Steph Routh - Ballot Buddy (Courtesy of Steph Routh)

Name: Steph Routh

Seeks to represent: District 1 (East Portland)

Age: 47

Job: Adjunct instructor in urban planning at Portland State University

Fun fact: Routh was the only girl on her elementary school’s wrestling team.

Steph Routh was born and raised right in the district she wants to represent on the Portland City Council. She went to Parkrose High School in East Portland, then studied classical music performance and theater at Linfield University.

After a sojourn overseas—which included cleaning up debris in Thailand’s waters after the 2004 tsunami—she worked for several different nonprofit organizations that focused on sustainability, like Green Empowerment, and acted as the executive director of Oregon Walks, which advocates for sidewalks and crosswalks. She even married her bike in 2006 at the Multnomah County Bike Fair.

She currently serves on the Portland Planning Commission, which deals with land use planning around the city. (She didn’t serve on the charter commission but advocated for charter reform.)

Routh decided to run for office because, she says, the new charter gives East Portland, long ignored, a structural voice on the City Council. “It’s realizing the fact that East Portland will now have more representation in City Hall than ever,” she says. It’s the first time she’s run for public office.

This week, she spoke with WW about her candidacy, which already has enough donors to qualify for public financing. Questions and answers have been lightly edited for brevity and clarity.

WW: What are your top three priorities if elected?

Steph Routh: Housing and homelessness. I think being a planning commissioner sets me up pretty well for that. Community safety, which means different things to different communities at different times of the day. And better, more responsive government. It’s not the most important thing, but it’s the most urgent thing.

What’s your plan to address homelessness?

I hear a lot of people talking about the number of beds. Our unhoused population is also our most diverse population in terms of age, race, ability, everything except class. And so we need a diversity of shelter options.

What aspects of the city’s current approach to drug use and overdose deaths do you support and what would you change?

The city’s stated role is relatively limited. We need to have a robust and trusting relationship with the county. I’ll say something that my grammy always used to say, which is: “I don’t care who started the fight, I care who’s going to finish it.” I don’t care why there are issues with coordination, but I think we can all agree that there are issues with coordination. I have a pretty solid track record in building trusting coalitions.

Would you change the Portland Clean Energy Fund and if so, how?

I would say, let’s keep it. The will of the voters was pretty clear. We have a need for climate action, and the priorities intersect with building a middle-wage workforce.

Which current City Council member do you most align with?

Carmen Rubio, primarily because she holds the Bureau of Planning and Sustainability, and I served on the planning commission, so it’s pretty straightforward.

Is the city doing enough to bring back downtown and economic development?

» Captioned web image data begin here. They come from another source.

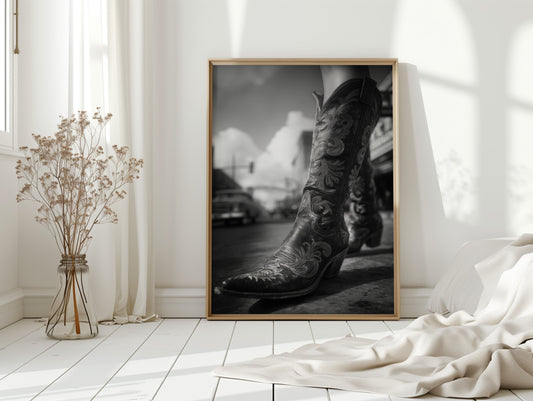 Where Art Meets the Trail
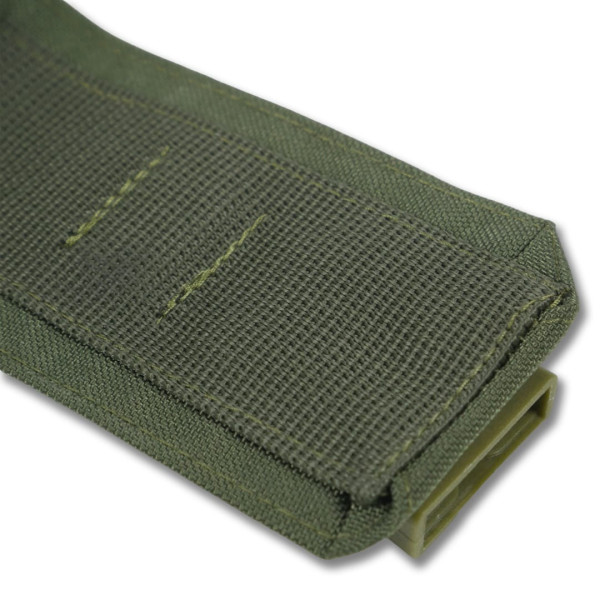 Тактичний підсумок під 1 гранату Kiborg Khaki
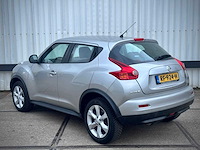 Nissan juke 1.6 connect edition automaat, rf-924-h - afbeelding 10 van  15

If not, what should leaders be doing that they’re not?

Downtown requires focus right now, to rebuild people’s habits in engaging with a vibrant core city. Medium term, we should look at repurposing office space to accommodate housing. We should explore downtown investments, through tax-increment financing, for example.

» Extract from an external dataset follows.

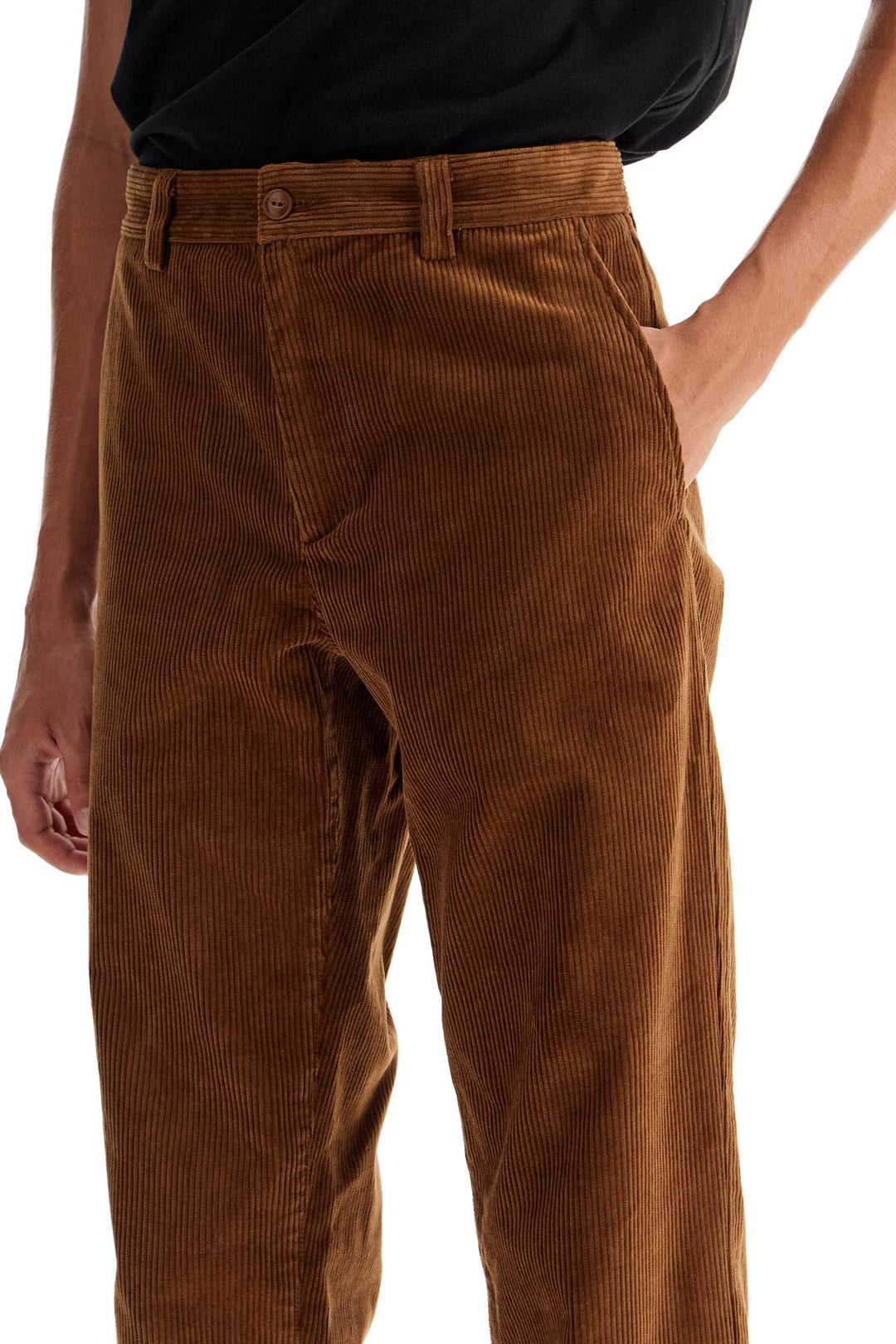 "corduroy constantin pants-3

And short term, I believe there is so much opportunity to partner with community groups to activate downtown. My mom and I went to Tuba Christmas in December, and it was popping. Business for a Better Portland has regular Friday coffee events to support local downtown businesses. The Portland Criterium is coming up. Portlanders are creative and rise to challenges. Let’s lift up what’s working and stop giving the mic to people who don’t believe in Portland.

How do you plan to win this election?

I want to meet people where they’re at. I want to talk to people on their porches. Winning would look like, in four years, this city is functioning in a way that isn’t a big deal. It’s just boring. I’d love boring government.